Friday, November 22, 2024

Missouri Supreme Court invalidates HB 1413 over unequal treatment of union groups

State Court
Judgepowell

Judge Powell | Courts.mo.gov

The Missouri Supreme Court affirmed a St. Louis Circuit Court decision that found House Bill 1413 is unconstitutional because it imposed new requirements on one group of unions but not others.

“The exemption of public safety labor organizations violates principles of equal protection,” wrote Missouri Supreme Court Judge Mary Russell in the June 1 decision. “The exemption of public safety labor organizations permeates throughout HB 1413 and reaches all provisions. The operation of this exemption forces this Court to declare HB 1413 void in its entirety rather than sever the offending provision.”

Judge Russell was appointed to the court by Democratic Governor Bob Holden 17 years ago.

The new requirements of HB 1413, which was enacted in 2018, included filing certain disclosures, requiring labor organizations to adopt a constitution and bylaws as well as providing detailed reporting and annual filings, and authorizing the withholding of dues and fees from earnings for labor organizations to use in political contributions or expenditures.

"It's not about a right to impose these different requirements on the election process, on the recognition process, on the reporting process, or on the certification process," said attorney David Eisenberg, member of the Baker Sterchi Cowden & Rice law firm and editor of the firm's Missouri Law Blog. "It's about drawing distinctions in this statute between types of unions that represent public employees and whether this carve-out for unions that mainly represent public safety workers is a permissible distinction."

In Missouri National Education Association, et al. versus Missouri Department of Labor and Industrial Relations, Ferguson-Florissant School District, the plaintiffs sued state agencies authorized to implement and enforce HB 1413, the employers of the bargaining units represented by labor unions, and the prosecutor who would enforce HB 1413’s criminal provisions. Judge Joseph Walsh ruled in favor of the plaintiffs and the state appealed.

“The Missouri Supreme Court is saying that there are constitutional rights provided for by the Missouri constitution and this statute infringed on the constitutional rights,” Eisenberg told the St.
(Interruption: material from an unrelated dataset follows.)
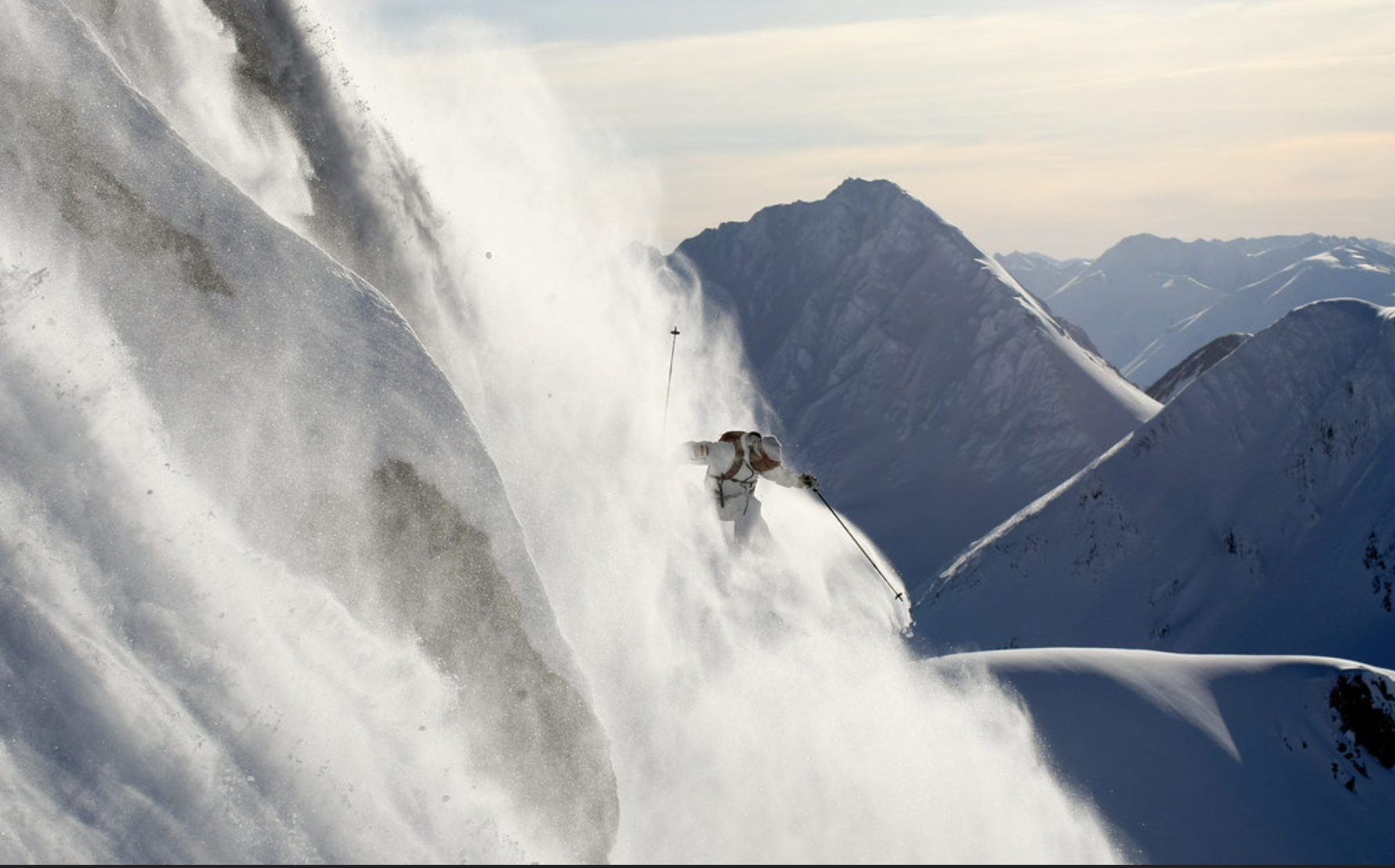 Skier dropping a spine wall in Alaska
Louis Record. "The court will tell you that the constitution trumps legislation that is not consonant with the constitution."

The decision overall protects fairness in the collective bargaining process for public employees, according to Eisenberg.
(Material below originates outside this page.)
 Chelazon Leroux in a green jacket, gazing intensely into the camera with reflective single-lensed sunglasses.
“While you've got these provisions that impose new requirements on folks trying to organize public employees, the court views it and the unions challenging the statute view it as going about it in an unfair way that impermissibly advantages one union group over another,” he said.

Judge  W. Brent  Powell, who dissented in a separate opinion along with Judge Zel Fischer, a Republican, said HB 1413 does not violate the state constitution because there is adequate justification for treating public safety labor organizations differently given the unique nature of public safety employees.
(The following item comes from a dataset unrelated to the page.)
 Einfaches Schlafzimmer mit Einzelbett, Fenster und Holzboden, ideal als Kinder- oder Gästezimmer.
“This Court’s role is not to determine whether the solution raised by the legislature is perfectly suited to the problem it purports to solve; rather, as long as the reason for distinguishing between public safety and non-public safety unions is plausible, there exists a rational basis for treating these labor organizations differently under the law,” wrote Judge Powell, who was appointed by Gov. Matt Blunt, a Republican. 

“Here, the distinctions between the public employees the separate labor groups wholly or primarily serve provides plausible explanations and justifications for the dissimilar regulatory framework for public safety and nonpublic safety labor groups and is not unconstitutional.”